Without this parameter, migration is a noop: testing table creation and validity of migration, but not touching data.

initially-drop-ghost-table

gh-ost maintains two tables while migrating: the ghost table (which is synced from your original table and finally replaces it) and a changelog table, which is used internally for bookkeeping. By default, it panics and aborts if it sees those tables upon startup. Provide --initially-drop-ghost-table and --initially-drop-old-table to let gh-ost know it's OK to drop them beforehand.

We think gh-ost should not take chances or make assumptions about the user's tables. Dropping tables can be a dangerous, locking operation. We let the user explicitly approve such operations.

initially-drop-old-table

See #initially-drop-ghost-table

max-lag-millis

On a replication topology, this is perhaps the most important migration throttling factor: the maximum lag allowed for migration to work. If lag exceeds this value, migration throttles.

When using Connect to replica, migrate on master, this lag is primarily tested on the very replica gh-ost operates on. Lag is measured by checking the heartbeat events injected by gh-ost itself on the utility changelog table. That is, to measure this replica's lag, gh-ost doesn't need to issue show slave status nor have any external heartbeat mechanism.

When --throttle-control-replicas is provided, throttling also considers lag on specified hosts. Lag measurements on listed hosts is done by querying gh-ost's changelog table, where gh-ost injects a heartbeat.

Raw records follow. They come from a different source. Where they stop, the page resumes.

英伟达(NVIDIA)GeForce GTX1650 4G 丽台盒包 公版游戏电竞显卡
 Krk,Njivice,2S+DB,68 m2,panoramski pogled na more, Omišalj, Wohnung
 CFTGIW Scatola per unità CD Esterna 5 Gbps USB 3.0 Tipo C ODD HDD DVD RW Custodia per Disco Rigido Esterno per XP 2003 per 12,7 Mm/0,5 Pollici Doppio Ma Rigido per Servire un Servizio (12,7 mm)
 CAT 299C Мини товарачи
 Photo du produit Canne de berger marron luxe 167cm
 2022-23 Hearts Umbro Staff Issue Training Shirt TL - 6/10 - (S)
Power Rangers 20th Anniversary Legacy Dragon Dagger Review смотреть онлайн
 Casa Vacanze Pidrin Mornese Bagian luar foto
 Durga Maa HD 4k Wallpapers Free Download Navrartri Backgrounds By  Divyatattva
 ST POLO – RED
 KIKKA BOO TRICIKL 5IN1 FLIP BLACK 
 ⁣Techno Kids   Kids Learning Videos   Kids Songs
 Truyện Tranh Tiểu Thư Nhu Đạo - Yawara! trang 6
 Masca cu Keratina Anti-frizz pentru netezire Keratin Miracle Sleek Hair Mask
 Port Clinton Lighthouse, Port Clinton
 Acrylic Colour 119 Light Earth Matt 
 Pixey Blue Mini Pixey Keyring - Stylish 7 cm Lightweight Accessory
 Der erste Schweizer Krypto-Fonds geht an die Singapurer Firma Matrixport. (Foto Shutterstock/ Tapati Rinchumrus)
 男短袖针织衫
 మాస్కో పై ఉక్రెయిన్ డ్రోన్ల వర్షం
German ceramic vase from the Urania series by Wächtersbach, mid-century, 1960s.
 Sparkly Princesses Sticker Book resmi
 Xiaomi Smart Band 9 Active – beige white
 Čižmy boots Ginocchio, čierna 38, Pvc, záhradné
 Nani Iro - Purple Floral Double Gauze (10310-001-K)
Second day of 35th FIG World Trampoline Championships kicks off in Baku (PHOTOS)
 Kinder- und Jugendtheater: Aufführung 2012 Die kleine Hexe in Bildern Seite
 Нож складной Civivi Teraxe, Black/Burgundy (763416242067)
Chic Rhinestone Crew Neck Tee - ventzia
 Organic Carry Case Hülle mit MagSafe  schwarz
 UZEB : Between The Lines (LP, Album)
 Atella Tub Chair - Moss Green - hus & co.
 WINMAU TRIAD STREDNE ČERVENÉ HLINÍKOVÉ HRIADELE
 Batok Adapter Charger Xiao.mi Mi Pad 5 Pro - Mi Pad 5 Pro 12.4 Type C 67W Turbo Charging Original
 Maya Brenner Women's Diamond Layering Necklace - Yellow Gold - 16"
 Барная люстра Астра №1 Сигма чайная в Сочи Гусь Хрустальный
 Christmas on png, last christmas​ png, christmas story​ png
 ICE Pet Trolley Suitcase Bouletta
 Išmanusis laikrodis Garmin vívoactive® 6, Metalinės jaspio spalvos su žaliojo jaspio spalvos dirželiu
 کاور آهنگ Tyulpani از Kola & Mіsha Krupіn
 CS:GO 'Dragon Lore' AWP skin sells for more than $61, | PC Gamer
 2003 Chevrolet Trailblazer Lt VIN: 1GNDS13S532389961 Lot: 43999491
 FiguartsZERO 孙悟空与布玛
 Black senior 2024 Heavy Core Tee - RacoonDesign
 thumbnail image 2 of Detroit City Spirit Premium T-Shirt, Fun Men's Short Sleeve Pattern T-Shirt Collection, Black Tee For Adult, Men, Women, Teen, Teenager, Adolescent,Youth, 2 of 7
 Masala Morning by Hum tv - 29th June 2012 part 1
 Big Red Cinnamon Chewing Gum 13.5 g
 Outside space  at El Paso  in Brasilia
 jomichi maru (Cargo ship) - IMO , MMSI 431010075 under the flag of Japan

See also: Sub-second replication lag throttling

migrate-on-replica

Typically gh-ost is used to migrate tables on a master. If you wish to only perform the migration in full on a replica, connect gh-ost to said replica and pass --migrate-on-replica. gh-ost will briefly connect to the master but other issue no changes on the master. Migration will be fully executed on the replica, while making sure to maintain a small replication lag.

skip-foreign-key-checks

By default gh-ost verifies no foreign keys exist on the migrated table. On servers with large number of tables this check can take a long time. If you're absolutely certain no foreign keys exist (table does not referenece other table nor is referenced by other tables) and wish to save the check time, provide with --skip-foreign-key-checks.

skip-renamed-columns

See approve-renamed-columns

test-on-replica

Issue the migration on a replica; do not modify data on master. Useful for validating, testing and benchmarking. See testing-on-replica

timestamp-old-table

Makes the old table include a timestamp value. The old table is what the original table is renamed to at the end of a successful migration. For example, if the table is gh_ost_test, then the old table would normally be _gh_ost_test_del. With --timestamp-old-table it would be, for example, _gh_ost_test_20170221103147_del.